“Menopause is often a frequently neglected area,” declared Mindy E. Goldman, MD, Clinical Professor, Department of Obstetrics, Gynecology, and Reproductive Sciences, University of California San Francisco (UCSF), and a member of the Breast Oncology Program, UCSF Helen Diller Family Comprehensive Cancer Center. Yet menopausal complaints are common and often more severe in cancer survivors than in the general population. Dr. Goldman is a member of the NCCN Survivorship Panel, serving as subcommittee Chair on menopause-related symptoms and subcommittee Co-Chair on sexual function.
Although the clinical definition of menopause is 1 year without menses, it often does not apply to cancer survivors who have had prior chemotherapy or hormonal therapies to treat breast cancer. “In those situations, you may need to rely on menopausal levels of estradiol and follicle-stimulating hormone [FSH],” Dr. Goldman suggested. In addition, she added, recent data also suggest that antimüllerian hormone may be a relevant hormonal marker of ovarian reserve.1
Dr. Goldman briefly reviewed some of the common symptoms of menopause. “By far, hot flashes are the most common menopausal complaint, occurring in approximately 80% of women,” she noted. Moreover, sleep problems may exist beyond the effect of hot flashes. “It has been shown that women don't get into a deep REM [rapid eye movement] sleep often after menopause,” she said.
Dr. Goldman offered several possible reasons why menopausal symptoms are often more severe in cancer survivors: surgical treatments may include oophorectomy with immediate onset of surgical menopause; premenopausal women with normal menstrual functioning may have ovarian shutdown with chemotherapy; postmenopausal women taking hormone replacement therapy tend to abruptly stop when diagnosed with endocrine-dependent cancers; and vasomotor symptoms are common with hormonal drugs such as tamoxifen or aromatase inhibitors.

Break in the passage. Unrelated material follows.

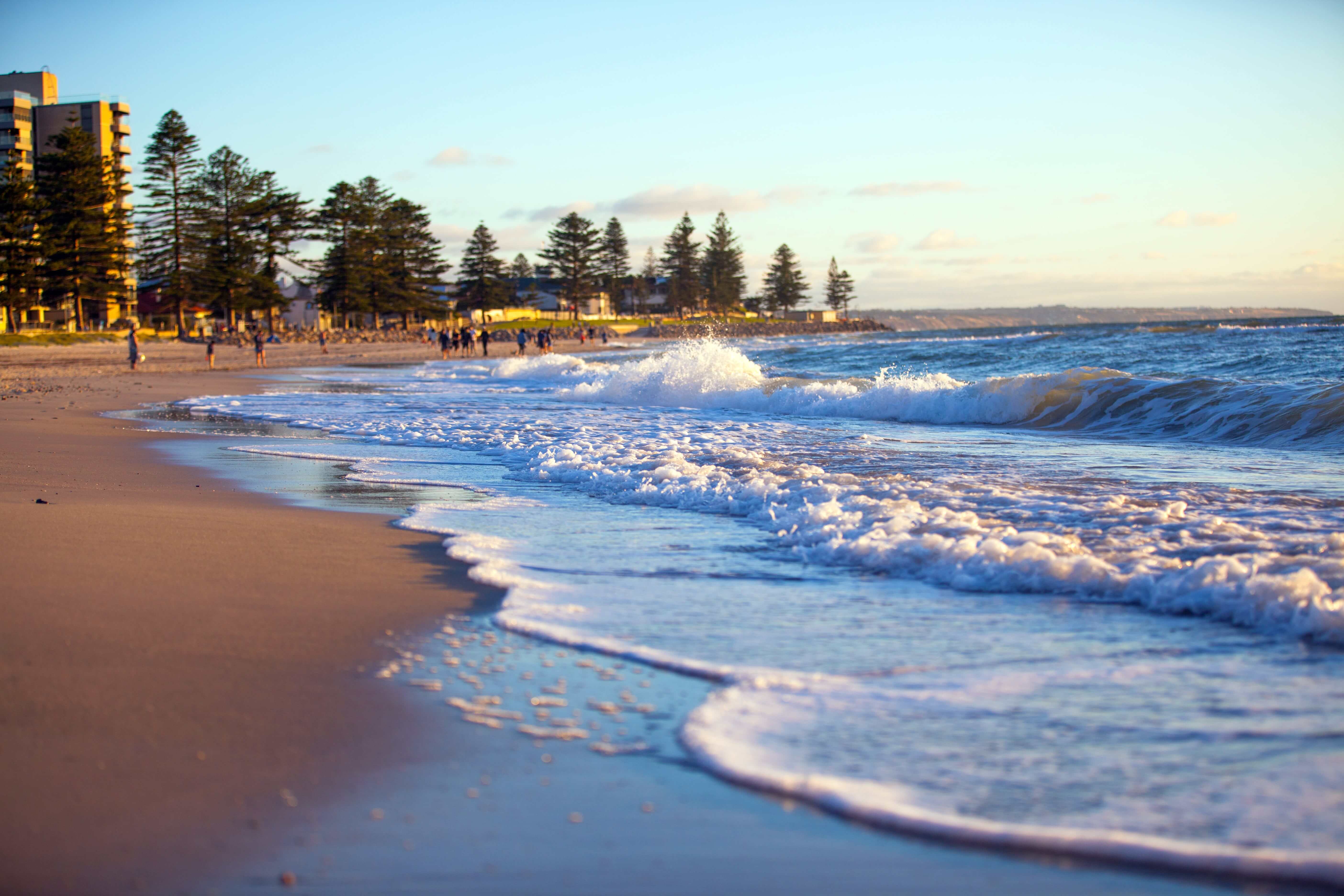 COMPRESSED_Glenelg_Beach_shutterstock_555132283-min.jpg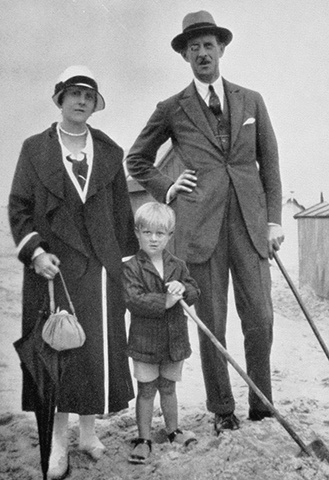 Принц Филипп с родителями (1925)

For Dr. Goldman, the key is to be sure that menopausal complaints are included in the assessment of cancer survivors. “You won't know if your patients are having these problems if you don't remember to ask,” she stressed.

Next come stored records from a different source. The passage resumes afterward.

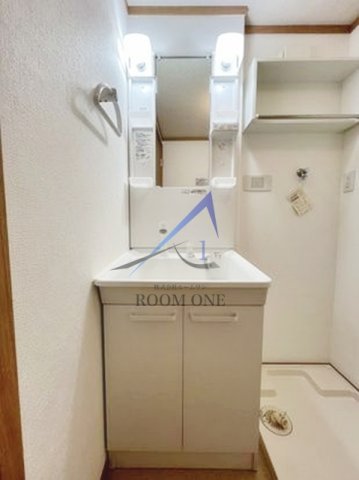 洗面設備　洗面台です。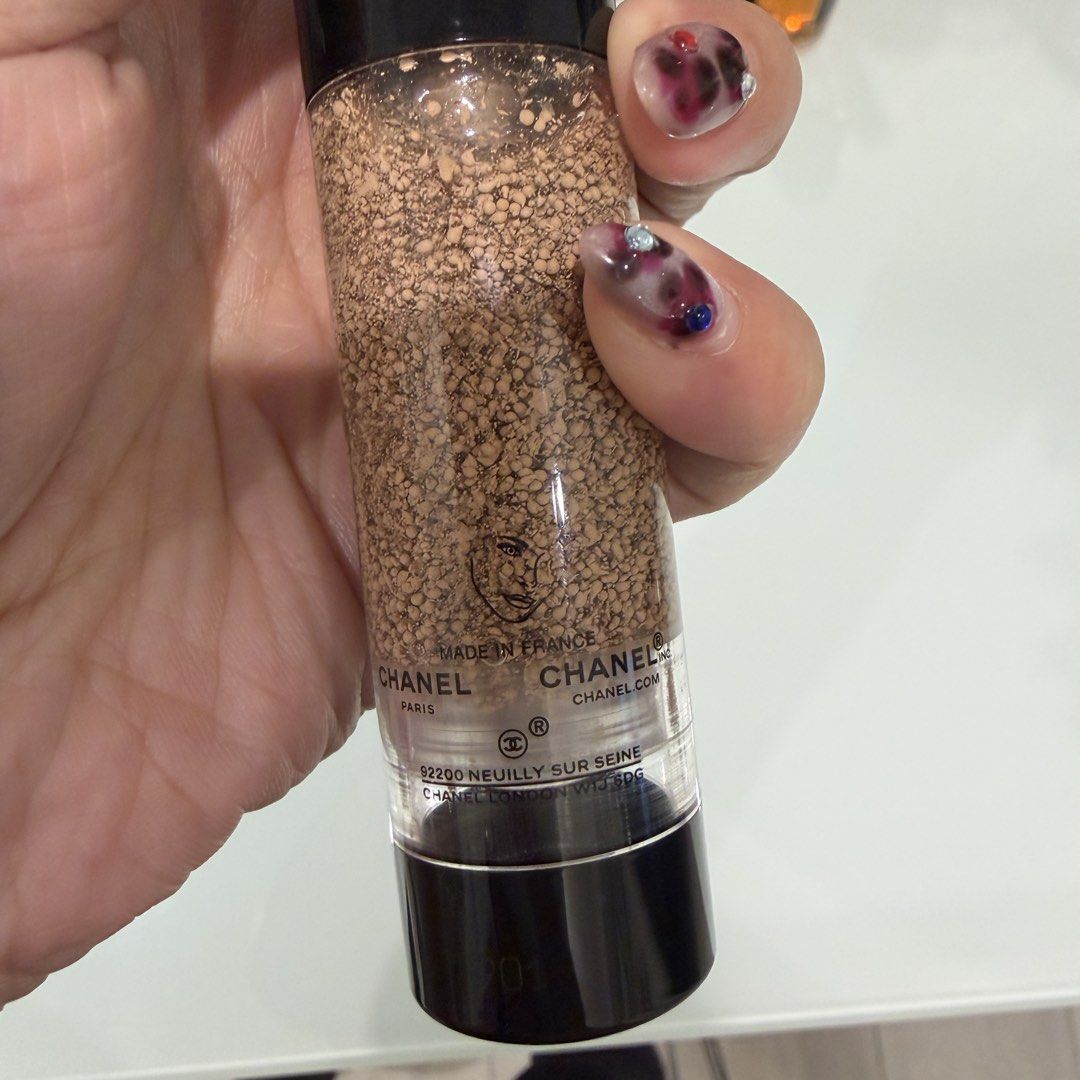 Chanel Les Beiges Water-Fresh Complexion Touch 20ML (Category: Makeup) located in Quezon City. Submitted by prelovedbygirliess (Listing ID 1468353162, Image 2). Description: * Brand: CHANEL * Product: Les Beiges Water-Fresh Complexion Touch * Shade: B30 * Size: 20ml / 0.7 fl. oz. * Condition: Preloved * Actual item shown in photos.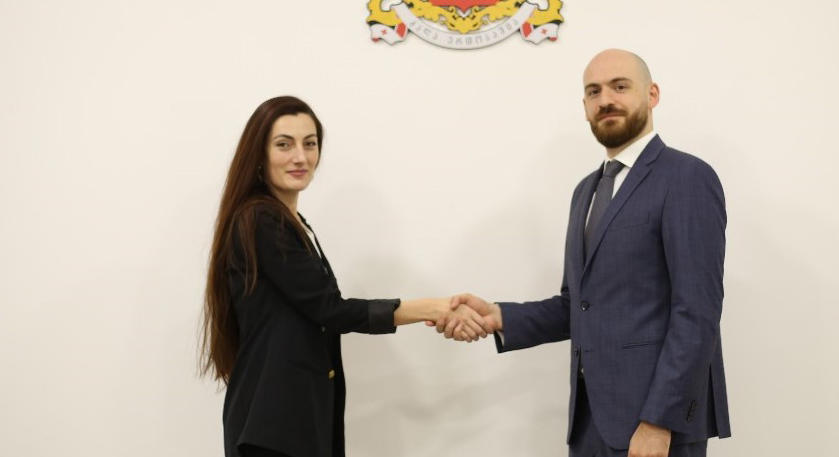 დავით მორგოშია სოხუმის გიორგი რატიანის სახელობის მოზარდ მაყურებელთა სახელმწიფო თეატრის ახლად დანიშნულ სამხატვრო ხელმძღვანელს შეხვდა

Chemotherapy-Induced Amenorrhea
The incidence of ovarian failure depends on the chemotherapy regimen, cumulative dose, and patient age. Most ovarian toxicity is due to alkylating agents, with moderate effects from doxorubicin or cisplatin and fewer effects from fluorouracil, methotrexate, vincristine, paclitaxel, and docetaxel.

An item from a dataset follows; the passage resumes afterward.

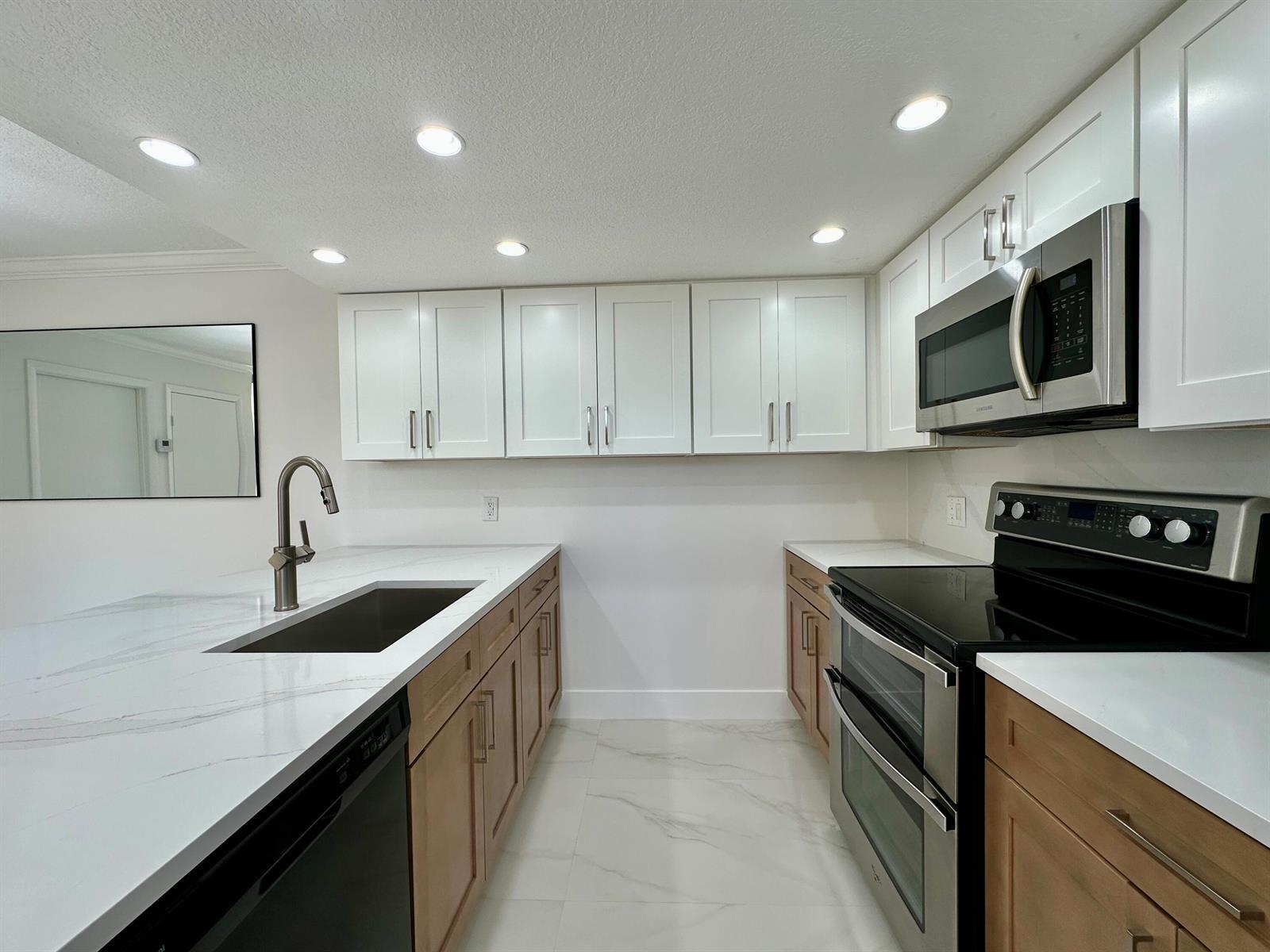 9148 SW 23rd Street # A, Davie FL 33324 photo 4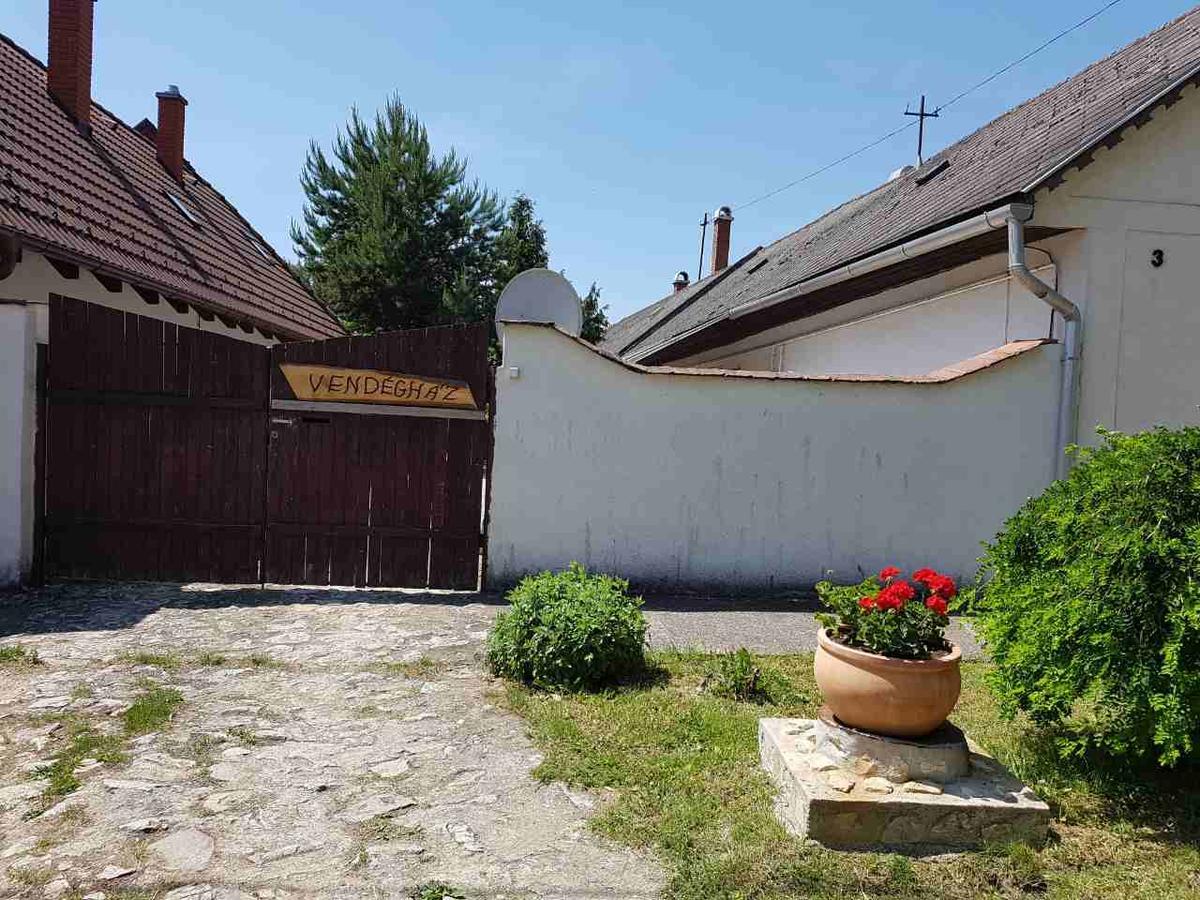 Kúti Vendégház Bakonykuti Exterior foto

This ovarian function in cancer survivors may be temporary or permanent. “When counseling patients, I generally tell them that if they are over age 40, there is less of a chance of menstrual function returning; if they are younger than age 40, there is a good chance their periods will return,” Dr. Goldman said.
The question of whether chemotherapy-induced amenorrhea (CIA) has a prognostic impact on premenopausal breast cancer was addressed in a meta-analysis by Zhou et al.2 They found that CIA contributed to an improved prognosis in premenopausal women with estrogen receptor–positive breast cancer. Dr. Goldman commented, “Not only are our treatments having direct cytotoxic effects but [they also have] indirect hormonal effects mediated by damage to ovarian estrogen-producing cells.”
Many young women with newly diagnosed breast cancer have concerns about fertility and make decisions about cancer treatment based on fertility desires. In fact, a prospective study has shown that almost 30% of young women with breast cancer make treatment decisions based on fertility desires.3
The international randomized phase III POEMS trial studied whether chemotherapy with a gonadotropin-releasing hormone agonist such as goserelin would reduce the rate of ovarian failure in women with early hormone receptor–negative breast cancer.4 The investigators reported that the addition of goserelin appeared to protect against ovarian failure. In fact, the researchers noted more pregnancies and live births, as well as better survival outcomes, in those who received goserelin.
Treatment Options for Hot Flashes
Breast cancer survivors should be screened regularly for menopausal symptoms disruptive to quality of life, according to the NCCN Guidelines for Survivorship, with other causes ruled out (Figure 1). Tests include measurement of estradiol, FSH, luteinizing hormone, and prolactin levels as indicated. Treatment options for vasomotor symptoms include both nonhormonal and hormonal treatments (Figure 2), over-the-counter options, integrative therapies, and lifestyle interventions.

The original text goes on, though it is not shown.